- _DESCRIPTION OF THE TASK_
Below are entries with pictures among them; reproduce exactly, and only, the lines from the one containing "Mommy and Me" down to the one containing "10 Victoria Street, Caledon, ON", without the pictures.

- _ENTRIES PROVIDED_
══════════
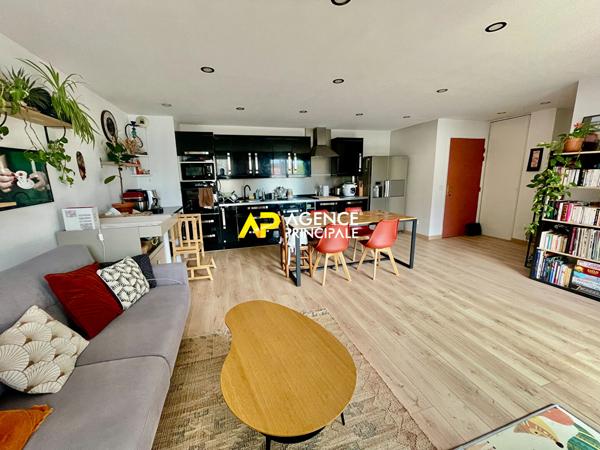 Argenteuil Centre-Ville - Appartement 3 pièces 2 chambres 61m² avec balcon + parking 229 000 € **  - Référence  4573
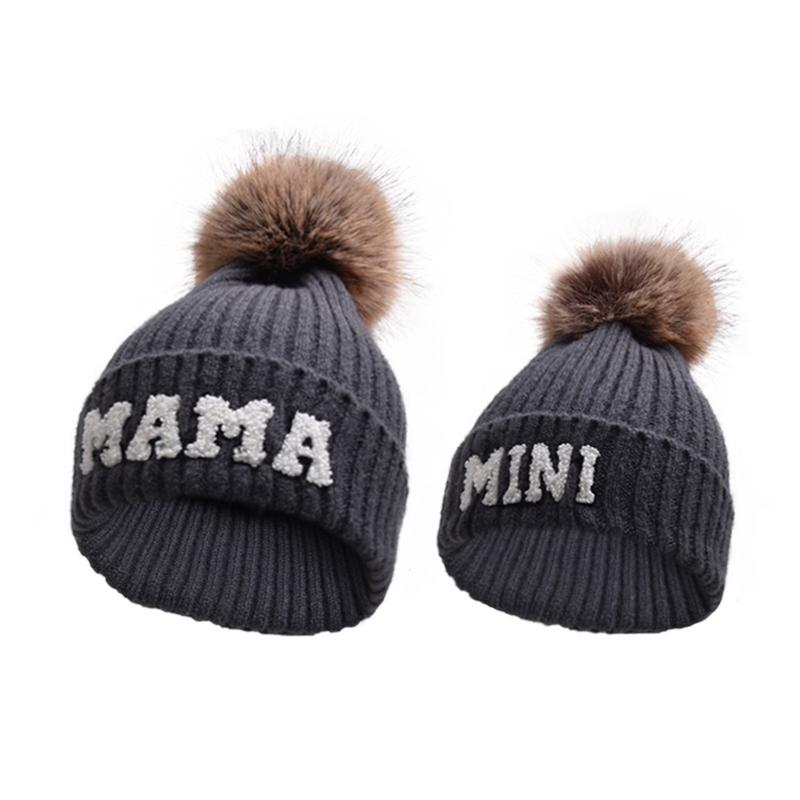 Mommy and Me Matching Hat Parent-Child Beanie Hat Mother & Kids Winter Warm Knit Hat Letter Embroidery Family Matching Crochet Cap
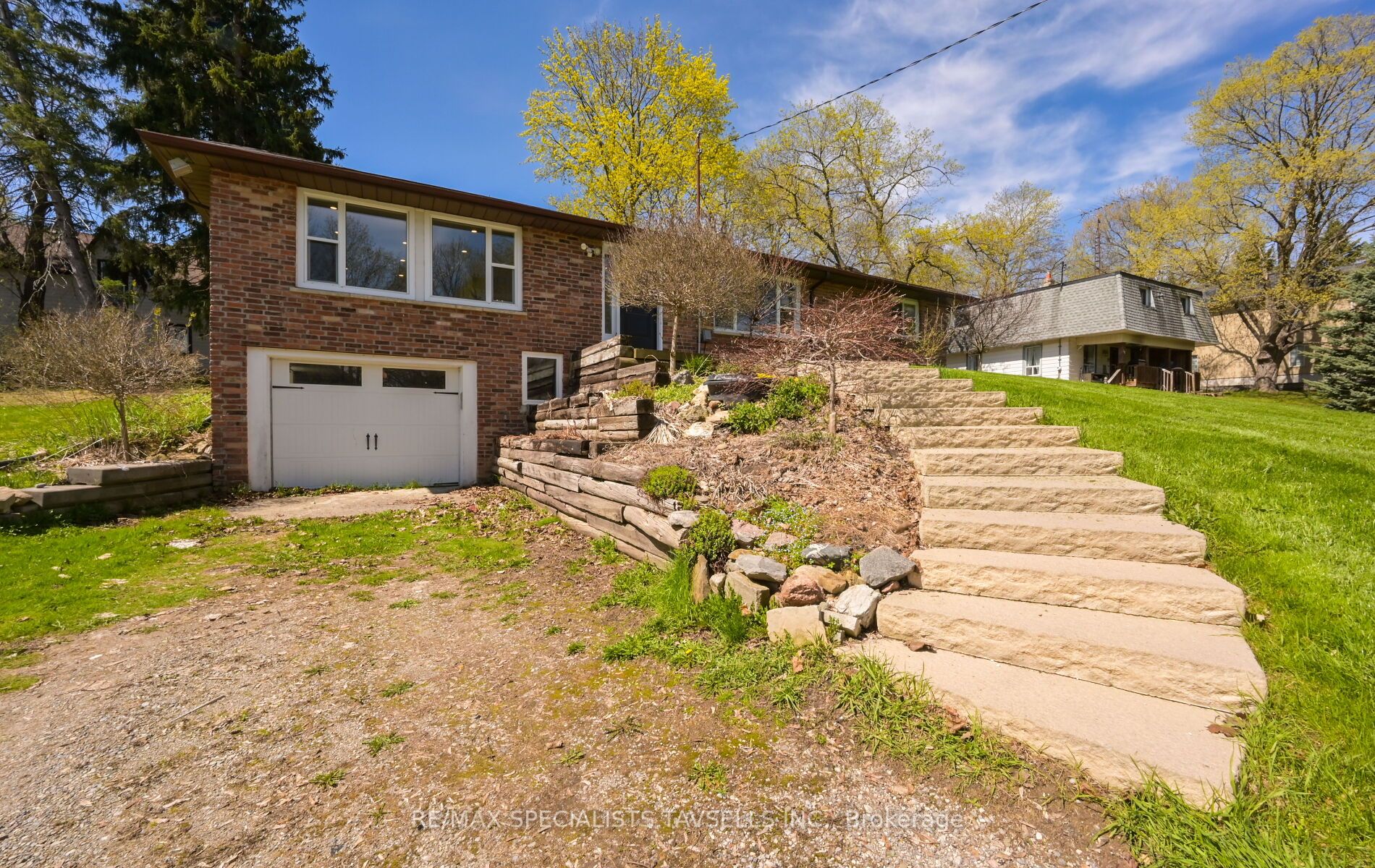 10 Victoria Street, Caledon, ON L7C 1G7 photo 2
══════════
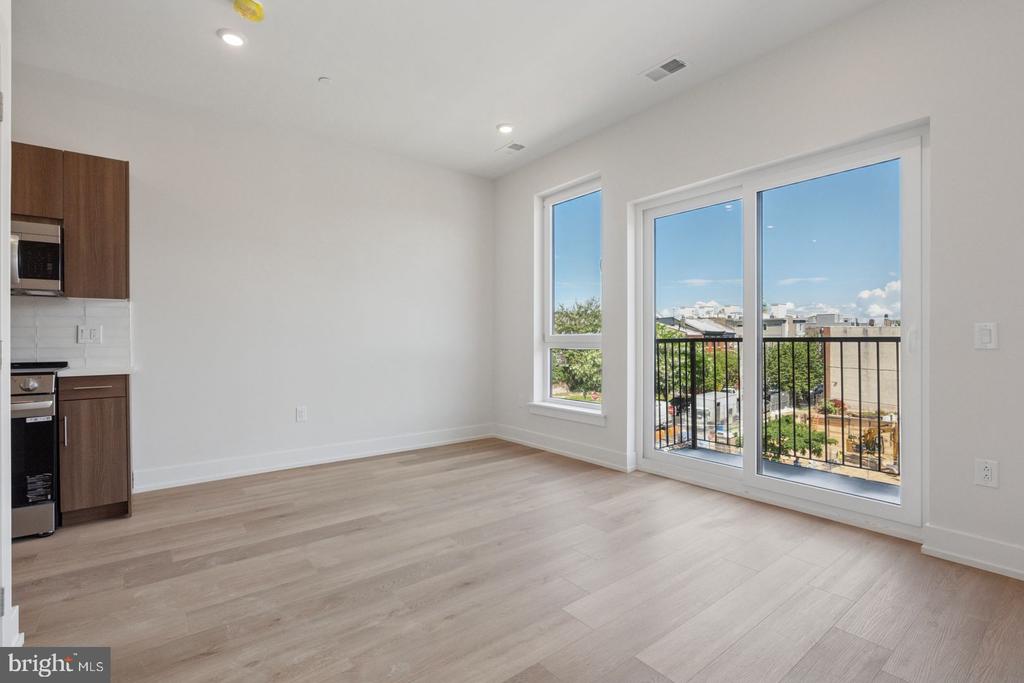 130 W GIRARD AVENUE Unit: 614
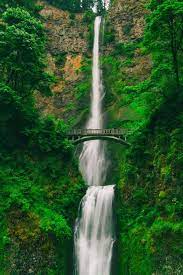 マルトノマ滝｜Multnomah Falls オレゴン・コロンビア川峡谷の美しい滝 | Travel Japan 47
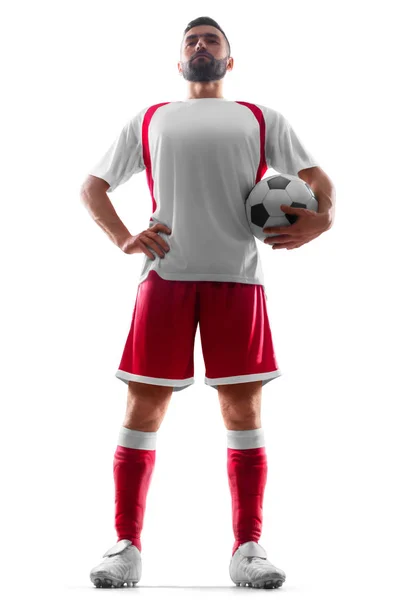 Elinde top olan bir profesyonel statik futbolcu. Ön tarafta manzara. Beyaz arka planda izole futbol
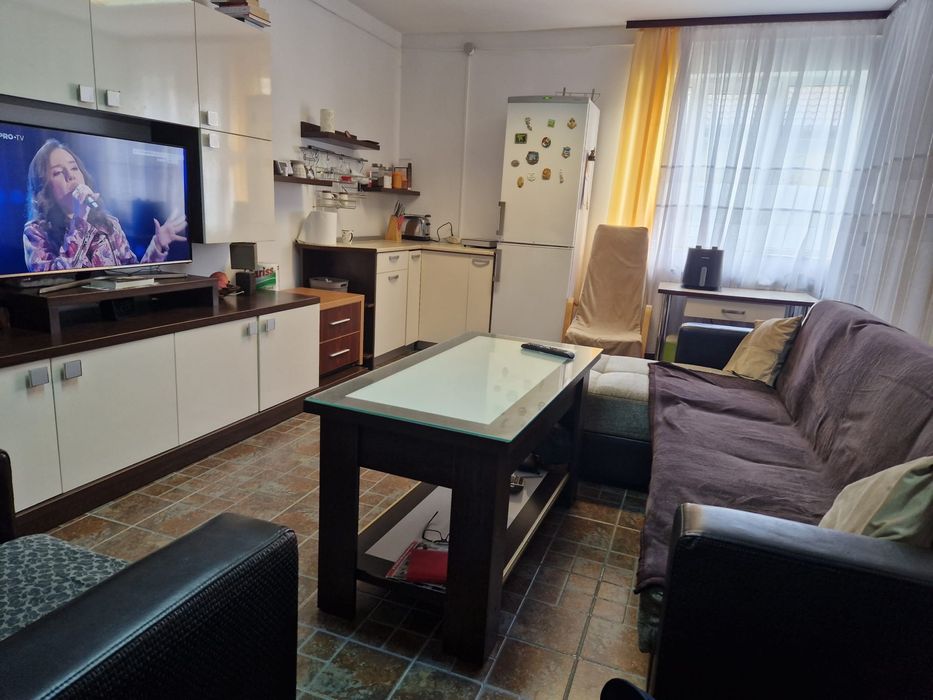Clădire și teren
══════════
- _FINAL ANSWER_
 Mommy and Me Matching Hat Parent-Child Beanie Hat Mother & Kids Winter Warm Knit Hat Letter Embroidery Family Matching Crochet Cap
 10 Victoria Street, Caledon, ON L7C 1G7 photo 2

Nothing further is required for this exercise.